Pour l’instant, cela n’est guère prévu. Signe que le sujet embarrasse, la Lettre Vernimmen anticipe la critique, en affirmant que, « contrairement au sophisme et au poncif (sic), aucun groupe n’a dû réduire ses investissements pour verser un dividende. Aucun n’a dû s’endetter au-delà du raisonnable (re-sic) pour verser un dividende ». Une assertion à laquelle les Économistes atterrés ont déjà répondu sur leur blog, l’an dernier. « Dividendes et rachats d’actions représentaient 19 % de l’excédent net d’exploitation (l’ENE, en résumé : les profits diminués de l’amortissement des investissements passés – NDLR) en 1990, puis 39 % en l’an 2000 et 70 % aujourd’hui, y écrit le chercheur à Lille-I, Michaël Lainé. Autant dire que, de plus en plus, les entreprises sont contraintes de s’endetter ou de vendre leur outil de production afin de rémunérer leurs actionnaires. » Ainsi, en 2011, « alors que les profits avaient baissé de 10 %, les entreprises ont augmenté les dividendes de plus de 15 % et sacrifié du même coup leur capacité à investir en la réduisant de plus de 38 % », indique Pauline Leclère.

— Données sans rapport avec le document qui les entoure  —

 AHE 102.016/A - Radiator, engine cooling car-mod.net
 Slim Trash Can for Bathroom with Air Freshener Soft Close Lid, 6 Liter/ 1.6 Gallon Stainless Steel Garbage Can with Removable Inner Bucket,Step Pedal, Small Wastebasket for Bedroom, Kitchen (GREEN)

« Du point de vue des actionnaires, l’entreprise n’a qu’une fonction : créer du cash », rappelle de son côté Matthieu Montalban, membre des Économistes atterrés. Dans cette logique, investissement et dividendes en viendraient presque à se confondre puisque, « selon cette vision, l’intégralité de la trésorerie qu’elle génère appartient aux actionnaires. Qu’elle soit redistribuée ou réinvestie dans l’entreprise, c’est toujours du patrimoine de l’actionnaire », décrypte cet enseignant-chercheur à Bordeaux. Or, non seulement cela est une « erreur sur le plan juridique », mais de « nombreux travaux aux États-Unis ont montré que la hausse des dividendes et des rachats d’actions a bien eu pour effet de rationner les capacités de recherche-développement des entreprises ».